Your table schema does not match of your requirements to time periods
Ex.: I earned 300 score on Wednesday and this score stored on leaderboard. Next day I earned 250 score, but it will not record on leaderboard and you don't get results if I run a query to Tuesday leaderboard
For complete information you can get from a historical table games played score but it can be very expensive
CREATE TABLE GameLog (
[id] int NOT NULL IDENTITY
CONSTRAINT [PK_GameLog] PRIMARY KEY CLUSTERED,
[gameId] smallint NOT NULL,
[playerId] int NOT NULL,
[score] int NOT NULL,
[createdDateTime] datetime2(3) NOT NULL)
Here are solutions to accelerate it related with the aggregation:
Indexed view on historical table (see post by #Twinkles).

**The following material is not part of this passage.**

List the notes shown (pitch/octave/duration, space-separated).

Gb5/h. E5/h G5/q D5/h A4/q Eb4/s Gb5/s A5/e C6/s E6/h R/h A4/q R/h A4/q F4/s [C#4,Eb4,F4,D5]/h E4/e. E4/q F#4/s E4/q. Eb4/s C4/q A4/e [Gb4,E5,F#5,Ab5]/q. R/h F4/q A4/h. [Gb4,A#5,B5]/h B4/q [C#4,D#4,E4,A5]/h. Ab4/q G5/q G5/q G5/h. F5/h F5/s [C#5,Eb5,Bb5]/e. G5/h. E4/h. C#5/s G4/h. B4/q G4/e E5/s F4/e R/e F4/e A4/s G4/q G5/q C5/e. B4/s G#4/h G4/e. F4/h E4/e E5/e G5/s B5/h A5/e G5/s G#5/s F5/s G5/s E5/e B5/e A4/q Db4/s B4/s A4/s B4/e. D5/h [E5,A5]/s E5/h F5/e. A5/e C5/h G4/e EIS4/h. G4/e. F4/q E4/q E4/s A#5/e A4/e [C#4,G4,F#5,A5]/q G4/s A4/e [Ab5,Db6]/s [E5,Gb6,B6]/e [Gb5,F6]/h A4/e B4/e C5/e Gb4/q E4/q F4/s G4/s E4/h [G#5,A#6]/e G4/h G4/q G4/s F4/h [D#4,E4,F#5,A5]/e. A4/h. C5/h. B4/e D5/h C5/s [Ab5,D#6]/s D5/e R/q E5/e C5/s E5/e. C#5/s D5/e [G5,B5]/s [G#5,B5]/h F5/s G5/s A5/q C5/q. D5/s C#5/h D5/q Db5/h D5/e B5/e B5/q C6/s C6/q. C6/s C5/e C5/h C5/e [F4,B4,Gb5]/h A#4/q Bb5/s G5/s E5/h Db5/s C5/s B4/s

You need 3 indexed view for the 3 time periods. Potentially huge size of historical tables and 3 indexed view. Unable to remove the "old" periods of the table. Performance issue to save score.
Asynchronous leaderboard
Scores saved in the historical table. SQL job/"Worker" (or several) according to schedule (1 per minute?) sorts historical table and populates the leaderboards table (3 tables for 3 time period or one table with time period key) with the precalculated rank of a user. This table also can be denormalized (have score, datetime, PlayerName and ...). Pros: Fast reading (without sorting), fast save score, any time periods, flexible logic and flexible schedules. Cons: The user has finished the game but did not found immediately himself on the leaderboard
Preaggregated leaderboard
During recording the results of the game session do pre-treatment. In your case something like UPDATE [Leaderboard] SET score = #CurrentScore WHERE #CurrentScore > MAX (score) AND ... for the player / game id but you did it only for "All time" leaderboard. The scheme might look like this:
CREATE TABLE [Leaderboard] (
[id] int NOT NULL IDENTITY
CONSTRAINT [PK_Leaderboard] PRIMARY KEY CLUSTERED,
[gameId] smallint NOT NULL,
[playerId] int NOT NULL,
[timePeriod] tinyint NOT NULL, -- 0 -all time, 1-monthly, 2 -weekly, 3 -daily
[timePeriodFrom] date NOT NULL, -- '1900-01-01' for all time, '2013-11-01' for monthly, etc.
[score] int NOT NULL,
[createdDateTime] datetime2(3) NOT NULL
)
playerId timePeriod timePeriodFrom Score
----------------------------------------------
1 0 1900-01-01 300
...
1 1 2013-10-01 150
1 1 2013-11-01 300
...
1 2 2013-10-07 150
1 2 2013-11-18 300
...
1 3 2013-11-19 300
1 3 2013-11-20 250
...
So, you have to update all 3 score for all time period. Also as you can see leaderboard will contain "old" periods, such as monthly of October. Maybe you have to delete it if you do not need this statistics. Pros: Does not need a historical table. Cons: Complicated procedure for storing the result. Need maintenance of leaderboard. Query requires sorting and JOIN
CREATE TABLE [Player] (
[id] int NOT NULL IDENTITY CONSTRAINT [PK_Player] PRIMARY KEY CLUSTERED,
[playerName] nvarchar(50) NOT NULL CONSTRAINT [UQ_Player_playerName] UNIQUE NONCLUSTERED)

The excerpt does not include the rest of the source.